物語の証人になる。
学びの森では、生徒たちが自身のライフストーリーを振り返り、他者に伝える「森の語り場」という活動を大切にしています。
生徒たちはこれまでを振り返って言葉にすることで物語の作者になり、それを聞く人たちはその物語の証人になります。
今回物語の作者になってくれたのは、10歳の女の子と11歳・12歳の男の子の3人でした。
─そんな幼い子どもたちでも物語の作者になれるの?
そう思った方もいると思います。
実は私も、昔(といっても彼女や彼らにとっては最近のことかも)のことを振り返って言葉にするのは難しいんちゃうかな?なんて思っていました。

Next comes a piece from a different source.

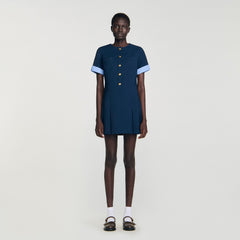 Mini pleated dress Navy Blue Sandro Women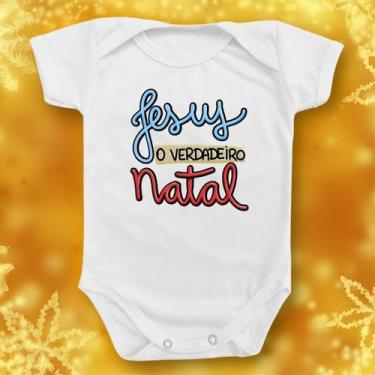 Imagem de Body Para Bebê De Natal Jesus Menino Menina Festa Estrela - Borizinho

しかし、聞き始めると本当にたくさんのことを語り始めたんです。
>幼稚園のときはやんちゃやった。
>小4の時の担任がマジでウルトラハイパーむかつくやつでな!
>小3までは楽しかったけど、友達に陰口言われたりしてさ…
>小学校は2年生の途中までしかいってないからわからん。
>隣に住んでた子が嫌やった。最初は友達やったけど…
>先生にお前が我慢しいって言われた。
>とにかく自分が悪者にされるねん!
3人が語った内容はここには書ききれません。
それほど、10年と少ししか生きてない彼女や彼らの人生にも、たくさんの経験が詰まっていました。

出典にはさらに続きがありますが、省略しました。